FRANKFURT (Reuters) - Euro zone nations have little regard for their financial obligations and regularly call on an over-politicized European Central Bank to come up with a fix, outgoing ECB board member Benoit Coeure told a French newspaper.
Saving the 19-country currency union from a debt crisis half a decade ago that threatened the euro's collapse, the ECB has invented a range of tools to keep borrowing costs down in the hope of revisiting growth and inflation.
While the ECB has largely succeeded, critics say that its new and largely untested instruments stretch the bank's mandate, break the rules that ban it from financing governments and function as political tools because they impact income and wealth distribution.

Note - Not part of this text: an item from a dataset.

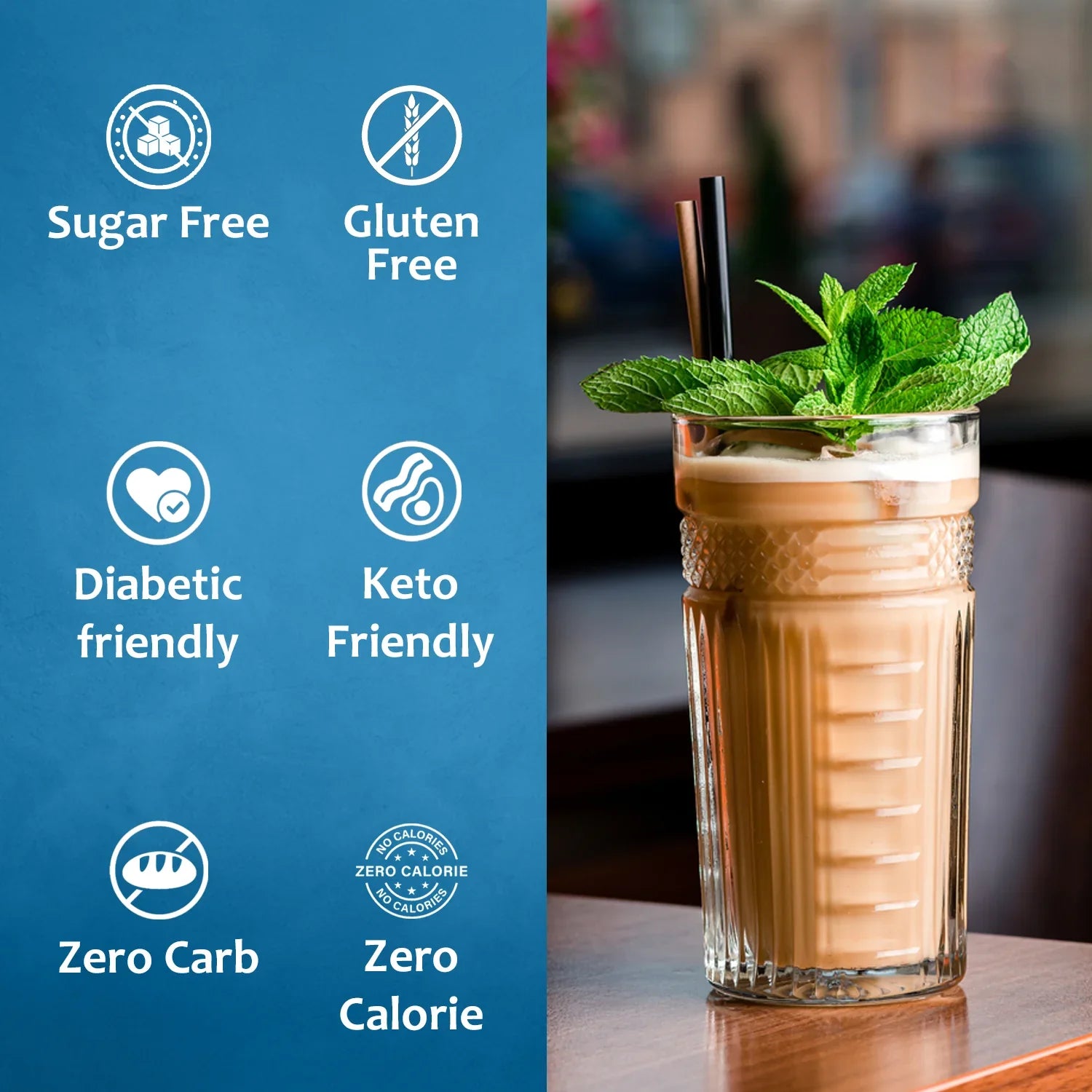 Sugar-Free Peppermint Syrup-3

"The politicization of the ECB results from the weakness of the political pillar of Economic and Monetary Union," Coeure, whose eight-year term ends on Dec. 31, was quoted as saying by Libération late on Monday. "The lack of coordination in the fiscal domain means that we are the ones who are doing the work."

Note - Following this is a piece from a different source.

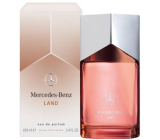 Mercedes-Benz Men Land parfémovaná voda pro muže 60 ml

"Some people accuse the ECB of doing too much and of not being democratic enough, but the excessive expectations projected onto the ECB are only a reflection of political weakness," Coeure said.
Former ECB chief Mario Draghi, who stepped down in October after eight years in charge, repeatedly called upon euro zone governments to use fiscal policy to help support the economy instead of relying on the central bank.

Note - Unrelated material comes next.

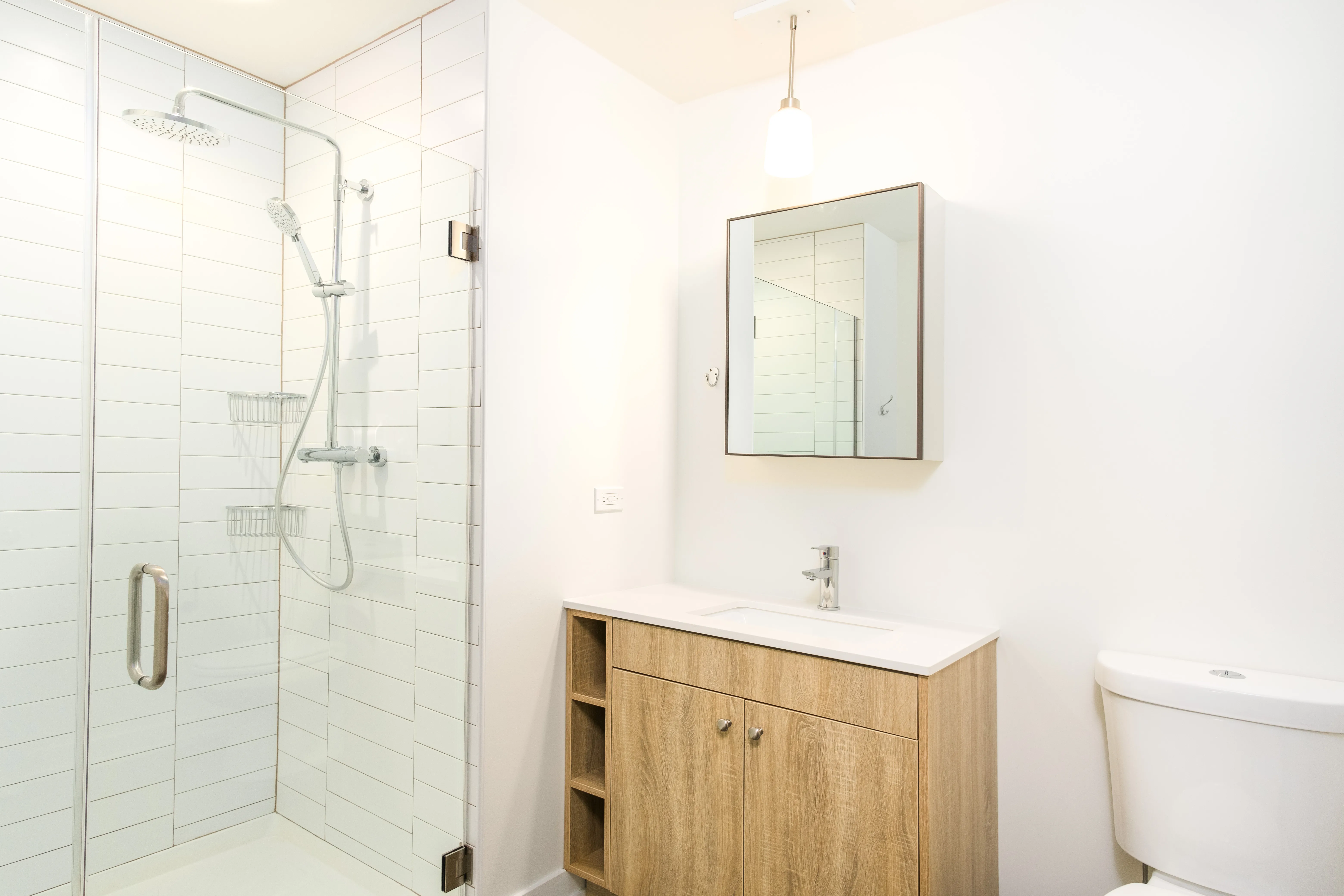 The Duncan Apartments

The ECB also made mistakes along the way, Coeure admitted, singling out a delay in launching a bond purchase scheme five years ago and taking too long to take action on climate change.
But Coeure saved his toughest criticism for euro zone countries who have "little regard" for commonly agreed fiscal rules, thus jeopardizing the entire currency union.
Given countries' inability to focus on their collective interest the euro zone will need a centralized budget with a powerful authority to make collective decisions about spending, Coeure said.
"For as long as that is not in place, we will have to cross our fingers and hope that no crisis occurs," Coeure added.